Comenta-se vez ou outra que as crianças de agora não tem infância e isso é verdade. Com transito de veículos por todas as ruas, distrações eletrônicas, o medo implantado nos pais pelas notícias de crimes, seqüestros, estupros e todos horrores desta época, tudo fez com que as crianças perdessem seus espaços e seus tempos e a única oportunidade de como crianças serem e viverem. Ficam mais desaparecidas das ruas e presas em suas casas. Até na escola as mães as vão levar e depois buscar. Uma grande parte dessas crianças é forçada a ter outras atividades instrutivas ou esportivas além das já existentes em suas escolas oficiais. Por isso alguém já escreveu que essas crianças aos dez anos já são velhas, pois, crianças mesmo, esse modernismo e esse “progresso” não permitiram que fossem.
O contrário a tudo isso é demonstrado numa das lembranças do passado de quando os garotos tinham transito livre por onde fossem e como costume local caminhavam descalços pelas ruas e quando se embrenhavam pelas matas. Para seus folguedos as crianças sempre estavam em turmas. Difícil, era alguma brincar só, e o sentir-se só não existia. Um personagem pitoresco e diferente por causa das suas condições físicas esteve a servir de zombarias para os garotos, isso porque, quando embriagado, o que lhe era habitual, ele proferia muitos impropérios e isso era um deleite para os meninos se divertirem. Uma de suas penas era de pau porque a verdadeira fora cortada num acidente ocorrido com o trenzinho “Perus a Pirapora” assim como era chamado e que pertencia a Fábrica de Cimento Portland Perus, este, sendo um bairro de São Paulo vizinho do município de Caieiras. O nome do personagem era Marcos Muniz.
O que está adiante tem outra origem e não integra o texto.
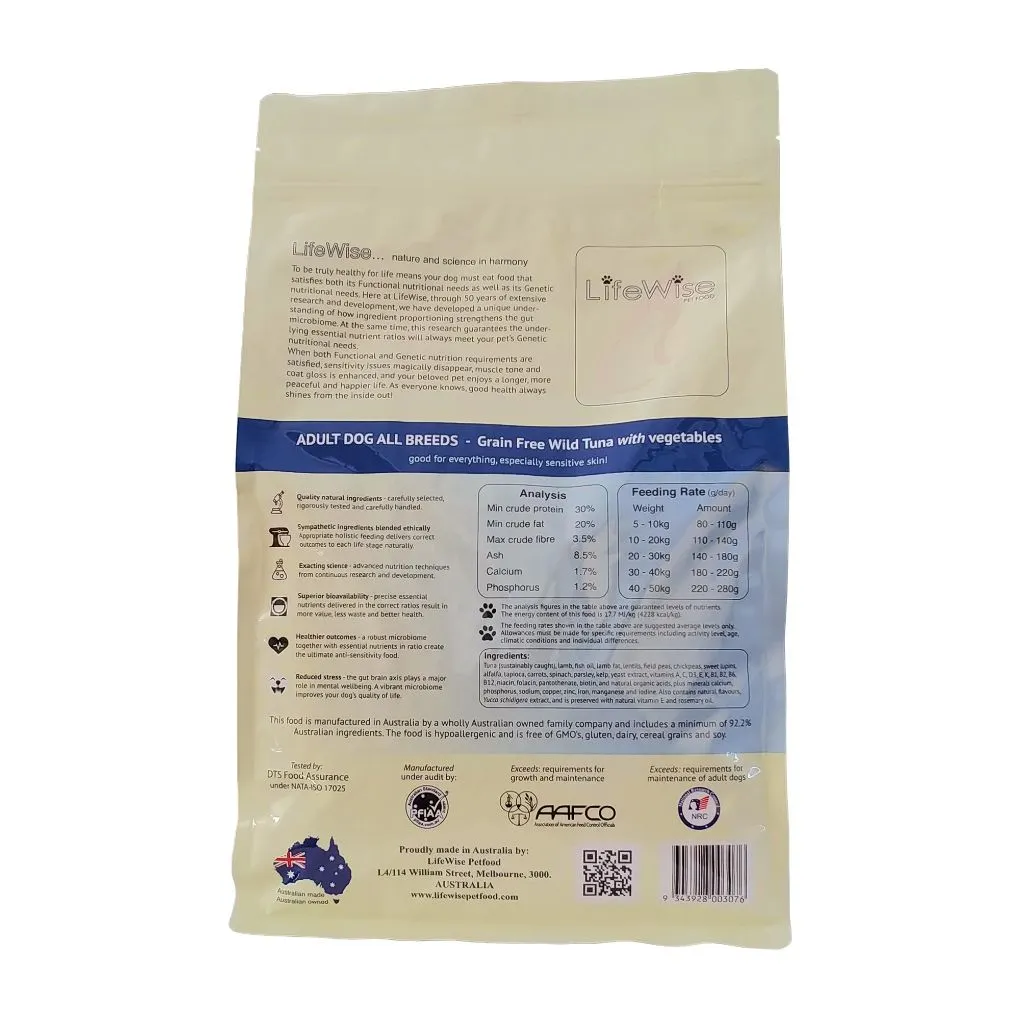 Lifewise Wild Tuna with Vegetables Grain Free Dog Food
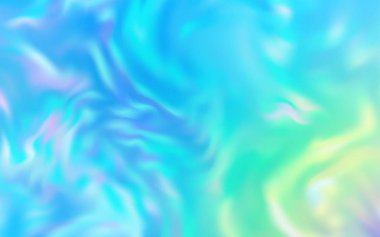 Açık mavi, yeşil vektör bulanık parlak soyut arkaplan. Soyut ve gradyan renkte renkli çizimler. İşiniz için en iyi bulanık tasarım..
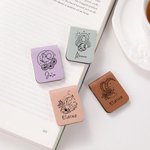 Personalised Zodiac Sign Magnetic Bookmark Clip with Name Reading Stationery Supplies Birthday Gift for Bookworms
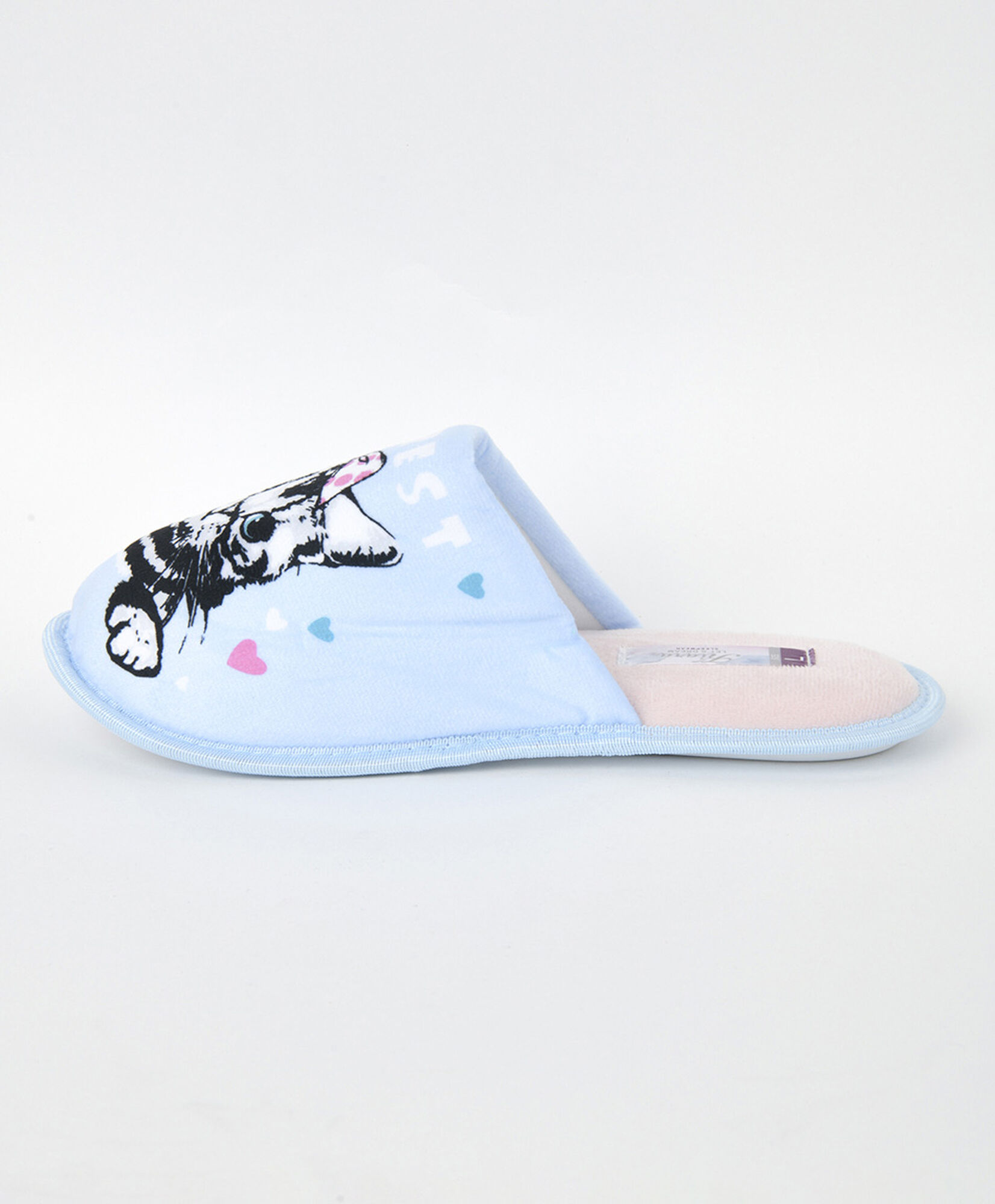 Pantufla mujer gato y corazones Pantufla mujer gato y corazones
Solteiro tendo já os seus quarenta anos ou mais, ele ao caminhar com dificuldade apoiado em sua rústica bengala de pau, se sentava ou se deitava em qualquer trecho da rua e lá ficava por horas até quando sua embriagues passava. Era quando os garotos se aproximavam e o provocavam. Quantas e quantas vezes ele nos ameaçou bater com sua bengala. Ele demonstrava ser revoltado e não era para menos. O acidente que sofrera lhe impediu bons prognósticos para o futuro. As conversas com ele podiam ocorrer normais. Ele se dispunha a isso quando queria, mas, sempre era traído pelos garotos que mais queriam vê-lo em suas iras extravasadas. Eram mais engenhosas para provocarem gargalhadas. Para isso fácil era provocá-lo com ofensas tipo, você é tonto, mentiroso e outras. E de preferência quando era percebida a aproximação de alguma senhora do lugar. Já esperada a reação dele, ela era desprovida de recuos diante de quem quer que fosse e não deveria ouvir tão baixas verborragias, isto é, palavras de baixo calão.
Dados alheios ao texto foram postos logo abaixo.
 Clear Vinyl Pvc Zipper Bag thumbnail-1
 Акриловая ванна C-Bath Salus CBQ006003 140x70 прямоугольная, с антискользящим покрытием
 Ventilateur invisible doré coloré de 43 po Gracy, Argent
Certa vez, com a aproximação de uma senhora alemã esposa de um “chefe” da Indústria Melhoramentos e de sua filha já moça, a provocação foi feita e os tantos palavrões demorados e contínuos repercutiram tão alto que as duas ficaram em estado de espanto. Ainda me lembro dos olhares das duas como se fosse hoje. Ficaram indecisas se continuavam a passar ou não por entre nós ou se deveriam retroceder. Nos restou um temor se o fato poderia ficar sendo do conhecimento dos componentes da diretoria da Industria Melhoramentos e nossos pais serem chamados por eles para, por nossa culpa, eles serem repreendidos, mas, tal não aconteceu.
Hoje, depois de tanto tempo passado, lembrar fatos que eram motivo de tristeza para uns e os mesmos eram motivos de brincadeiras para outros, isso, era comum entre garotos saudáveis e inconseqüentes. Quem ainda mantém pelo menos um pouco da empatia humana por um semelhante, se emociona ao se lembrar de personagens como o Marcos Muniz, que, lesado de melhores probabilidades futuras se viu só e consolado por momentos de esquecimento que o álcool promove. Apesar das brincadeiras de mau gosto, alguns garotos daquela época fizeram com que ele também às vezes risse, se descontraísse e não o deixaram passar despercebido como assim davam a entender os adultos.